Optional Activity 2: Embryo models Embryo models will be on display relevant to craniofacial and heart development. Please investigate them and identify the structures and processes that have been discussed in the lectures.


Optional Activity 3: Playdough modelling of neural, craniofacial and heart development Model the various stages of heart, neural and/or craniofacial development in 3D using playdough. Make photos, annotate the structures discussed in the lectures, and upload the annotated photos in the Padlet app.


  Activity 4: Human developmental abnormalities Please select and investigate with your group one of the developmental abnormalities listed below. A number of these will be on display as specimens provided the Museum of Human Disease. Understand which systems are affected, and how these abnormalities arise during embryonic development. Write this up 250 words, and upload with your names in the forum on Moodle.

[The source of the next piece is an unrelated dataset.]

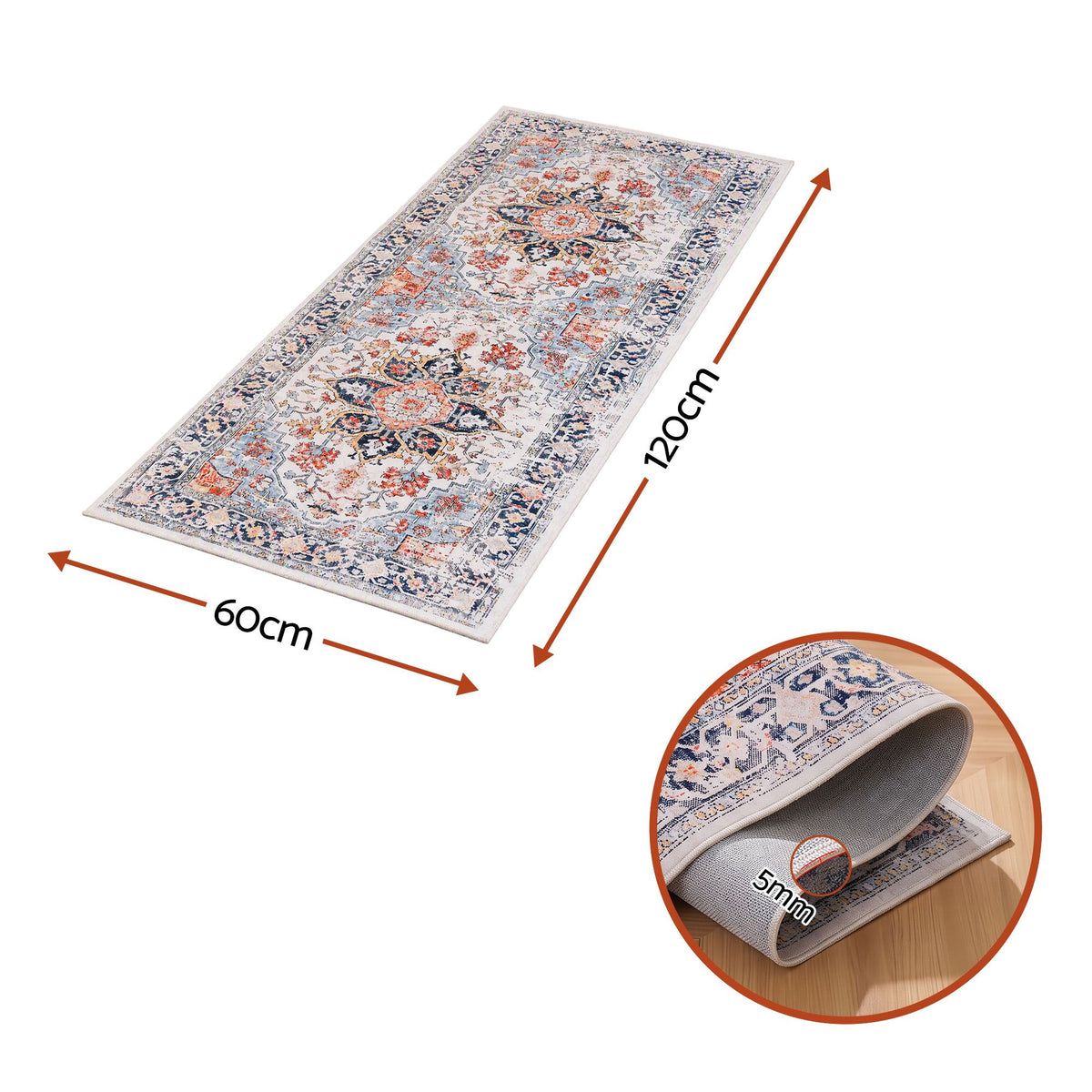 Artiss 60 x 120 cm Runner Rugs For Living Room No Heavy Rubber Crease-Free Foldable Design For Kitchen Entryway And Bedroom 100% Polyester Water-repellent Resistant Non-Shedding-Home &amp; Garden > Rugs > Round Rugs-PEROZ Accessories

• Gastroschisis: • Meckel’s diverticulum: • Klinefelter syndrome: • Cleft lip/palate syndrome: • Patent foramen ovale: • Patent ductus arteriosus: • Achondroplasia: • Polydactyly: • Syndactyly: • Scoliosis: • Limb reduction: • DiGeorge Syndrome: • Treacher Collins syndrome: • Hirschsprung’s disease:


GUEST LECTURE BY PROFESSOR SALLY DUNWOODIE Professor Sally Dunwoodie is an internationally renowned biomedical researcher at the Victor Chang Cardiac Research Institute. She has dedicated her life’s work to understanding how babies develop and to finding out why some 3-6% have birth defects.


REVISE PRACTICAL CLASS ACTIVITIES In the last 15 minutes we will collectively revise the activities with the entire class to wrap up this prac.